Around here, we do not celebrate the end of pregnancy lightly. Excitement always comes along somehow when a Russell baby is due to be born. – Oh, just to let you know right off the bat, baby girl is not here yet! -
My first child was born a month early. I had extremely painful back labor with her for hours and hours. It took me 6 weeks to teach her to nurse properly. Other things came along that we learned to handle. All in all, it was quite the way to start out parenthood!
My second daughter was born 3 week early. Her birth was fairly uneventful and she came at the perfect time, humanly speaking. My husband was a middle-school teacher at the time and she came the very day after Christmas break had started. Two whole weeks off for hubby without any unpaid leave having to come into the picture. Awesome.
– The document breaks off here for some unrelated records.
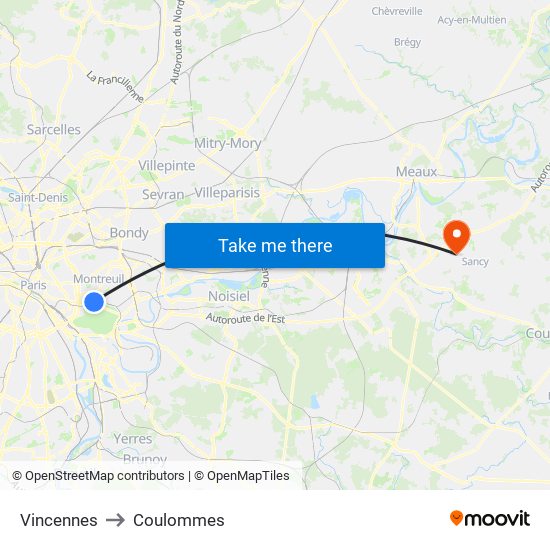 Vincennes to Coulommes map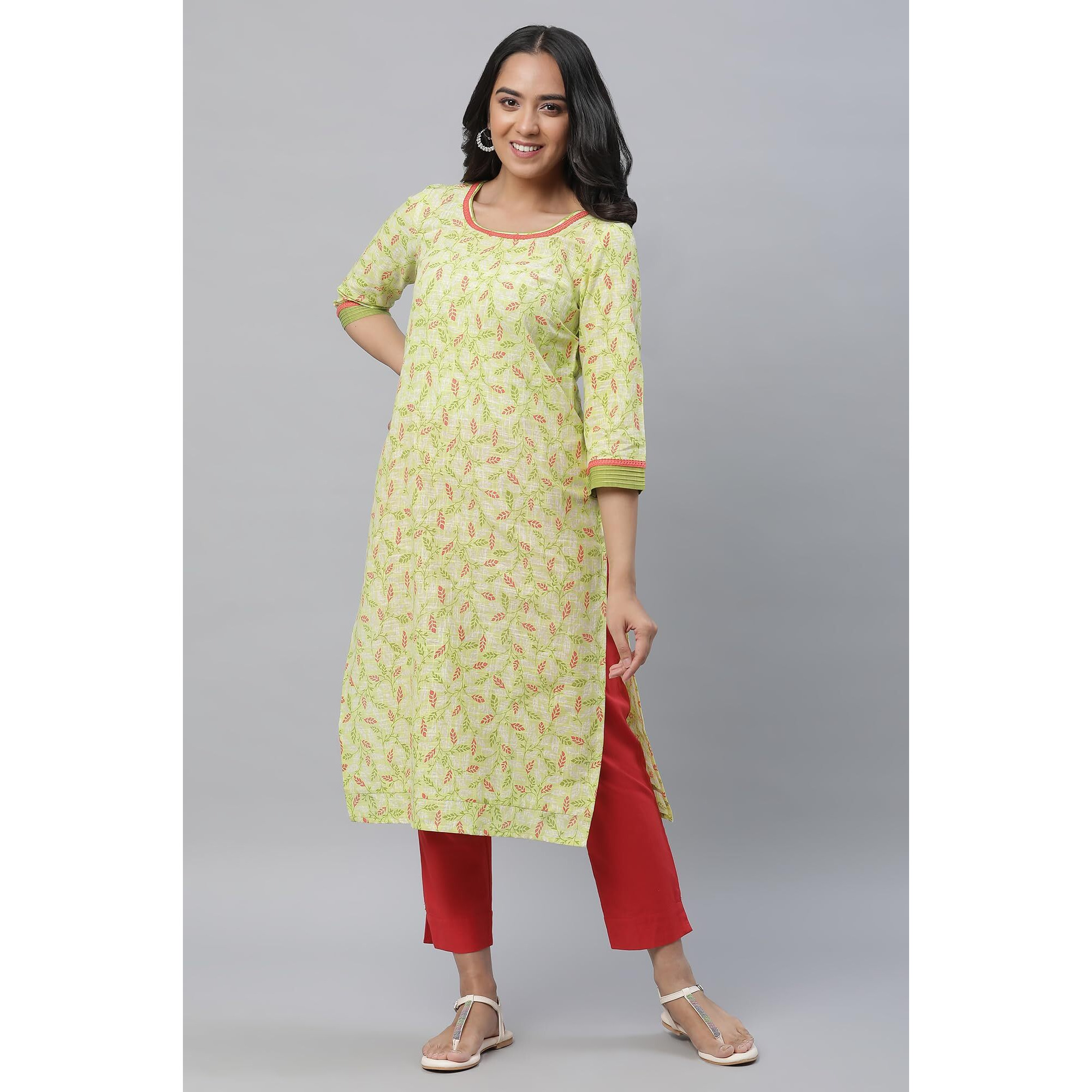 Aurelia Green Leaf Print Cotton Regular Kurta For Women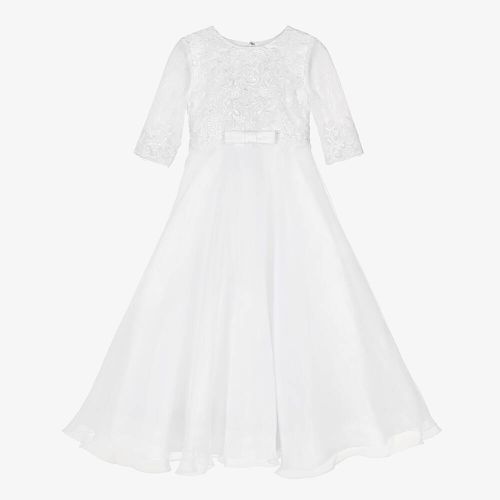 Girls White Embroidered Organza Communion Dress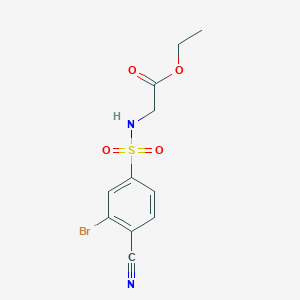 molecular formula C11H11BrN2O4S B6718406 Ethyl 2-[(3-bromo-4-cyanophenyl)sulfonylamino]acetate 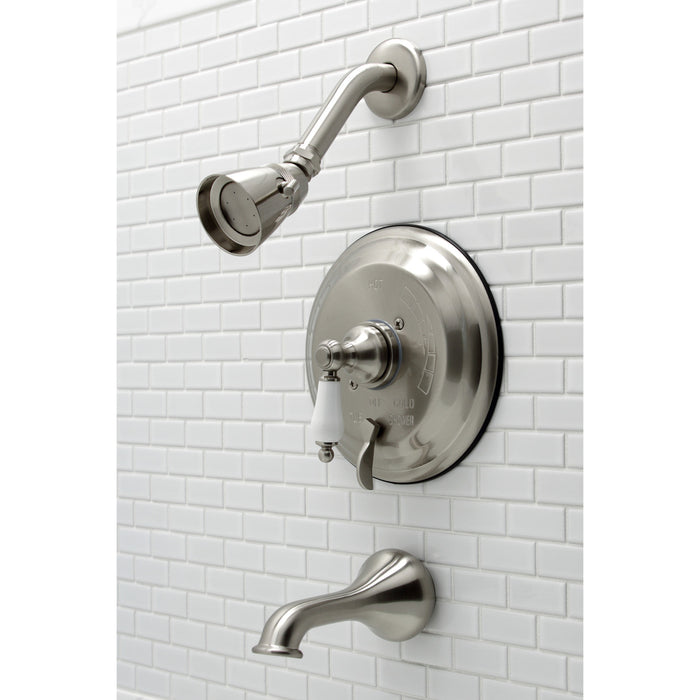 Kingston Heirloom KB36380PL - Restoration Single-Handle Pressure Balanced Tub and Shower Faucet, Brushed Nickel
Third child and things get more interesting. We were living in SC at the time and I was beyond stressed near the end of the pregnancy. Think big hurricane coming, children down with the stomach flu, and air conditioning not working properly the whole summer so it never got below 90 degrees in the house during the day. Yeah. Talk about swollen ankles!
The end of this pregnancy is very eerily similar to the last.
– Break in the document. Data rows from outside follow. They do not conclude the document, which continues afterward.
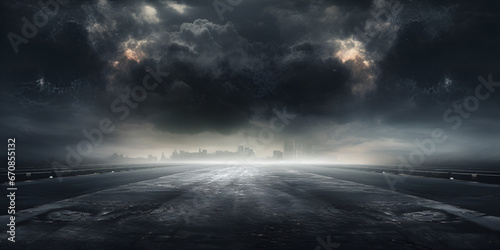 empty space road with storm clouds lightning in the sky, mock up place. Landing page concept, dark sky and dramatic black clouds before the rain. AI Generative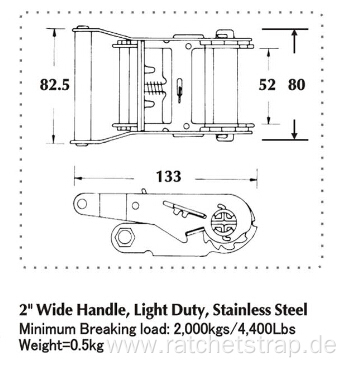 Stainless Steel Ratchet Buckle with Light Duty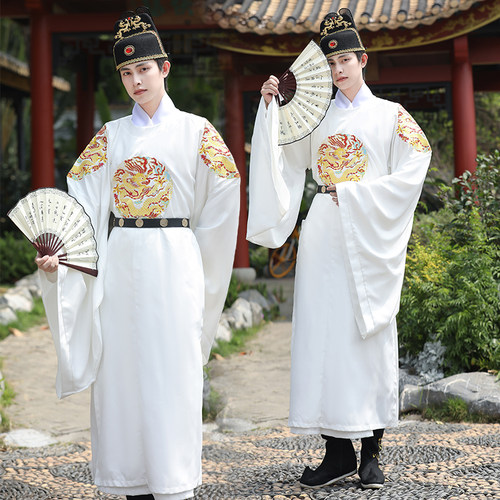 汉服男龙袍白色明制圆领袍皇帝服装四团龙复原重工绣花中国风古风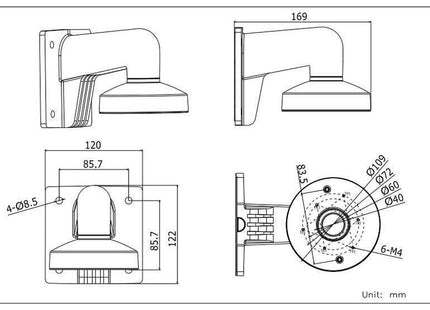 DS-1272ZJ-110 aluminium wandbeugel - alarmsysteemexpert.nl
Children sick, check. Only this time it is a cold and not the stomach flu. Runny noses over vomiting is always better in my book.
Air conditioning on the fritz. Got that one covered. Really, who needs it? At least it works a bit and keeps the house pretty cool. For the most part. Until the evaporator coil completely dies. Sigh.
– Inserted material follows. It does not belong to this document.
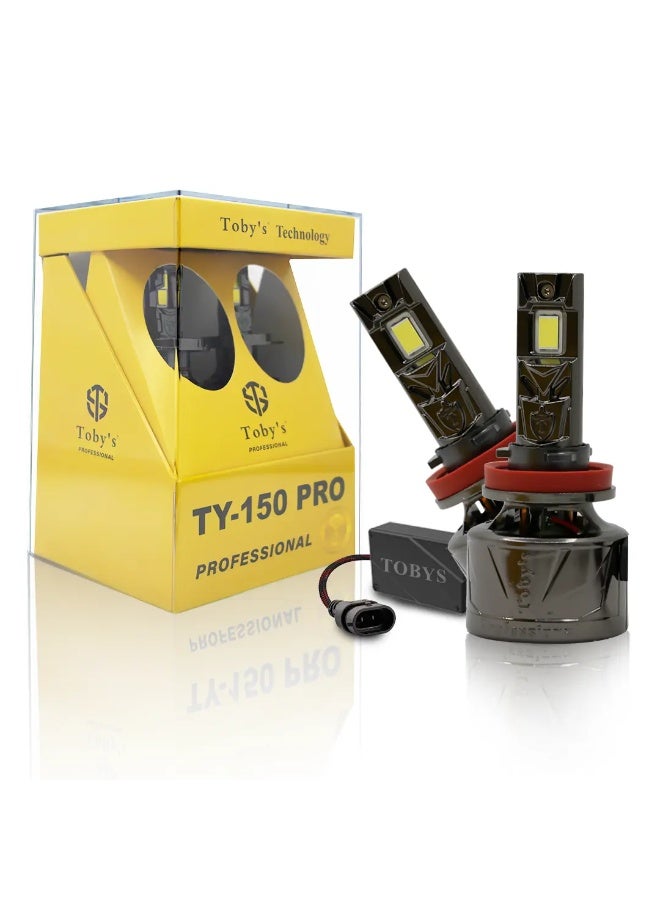 توبيز مجموعة مصابيح أمامية LED أصلية مختبرة من Toby's TY150 PRO، قطعتان، 300 واط (زوج)، 30000 لومن (زوج)، 150 واط/قطعة، طاقة فائقة السطوع مع درجة حرارة لون 6500 كلفن - H7 - Image 1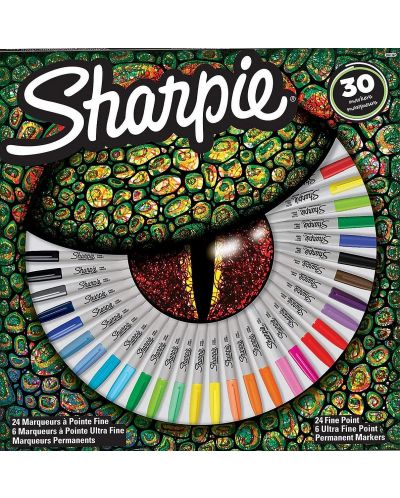 Σετ μαρκαδόρων Sharpie Crocodile Eye - 30 χρώματα - 1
Big hurricane. Hey, looky here, we got that one covered! While “they” say that Gustav won’t directly hit here, I won’t believe it until it is gone. The storm is just way too close to me and my family for comfort. How much do “they” know, really, anyways?
Big huge sigh.
The Lord is extremely good to me. While I list these things that stressed me out to a point of daily tears last pregnancy, I have to look at my current pregnancy and give thanks! God has given me a peaceful, laid-back look at everything that is going on and I am able to go through these last days of big-baby-belly in complete contentment.
Let me tell you, from a total stress-bucket, this is definitely God’s hand. When my husband met me I always would dive off into the Sea of the Over-emotional State when anything would go wrong or just not my way. Life became a Vale of Tears – who first said that, anyway? – and I could not see beyond the next day how I was supposed to get over the next obstacle.
Now? I am floating along the end of pregnancy in a state of almost perpetual contentment. Wow. God is so very good to me. I am truly thankful.
I would like to end with the following Scripture.
Philippians 4:6 and 7 says
“Be anxious for nothing, but in everything by prayer and supplication, with thanksgiving, let your requests be made known to God; and the peace of God, which surpasses all understanding, will guard your hearts and minds through Christ Jesus.”